Wrocławscy funkcjonariusze trafili do jednego z mieszkań w dzielnicy Krzyki w związku z wcześniej uzyskanymi informacji, a dotyczącymi hodowli konopi. Drzwi mieszkania otworzył 31-letni mężczyzna i chyba ostatnie osoby, jakie chciał zobaczyć tego dnia po drugiej stronie, to właśnie policjanci. Miał on bowiem zbyt wiele na sumieniu, żeby wydostać się teraz z tarapatów.
Funkcjonariusze ujawnili w mieszkaniu krzewy konopi umieszczone w specjalnie przygotowanej szafce z oświetleniem, nagrzewnicami i wentylacją. Skoro mężczyzna trudnił się hodowlą konopi, policjanci podejrzewali, że w pokojach mogą znajdować się gotowe już narkotyki. Po chwili funkcjonariusze ujawnili i zabezpieczyli susz roślinny, a test substancji wskazał na marihuanę w ilości 60 porcji handlowych.

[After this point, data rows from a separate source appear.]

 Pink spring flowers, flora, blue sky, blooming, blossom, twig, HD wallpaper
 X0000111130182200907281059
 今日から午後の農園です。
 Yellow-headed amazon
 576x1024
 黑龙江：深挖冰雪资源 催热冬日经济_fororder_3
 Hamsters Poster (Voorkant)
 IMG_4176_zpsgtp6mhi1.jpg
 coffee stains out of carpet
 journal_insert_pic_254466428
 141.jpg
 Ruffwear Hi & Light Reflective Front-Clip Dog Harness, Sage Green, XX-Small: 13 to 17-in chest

Dalsze sprawdzenia pozwoliły na zabezpieczenie telefonów komórkowych, wagi kieszonkowej i pieniędzy w różnych walutach.
Wieczorne spotkanie z mundurowymi zakończyło się zatrzymaniem 31-latka i przewiezieniem go do policyjnego aresztu. O jego losie zdecyduje teraz sąd. Grozić mu może kara nawet 3 lat pozbawienia wolności.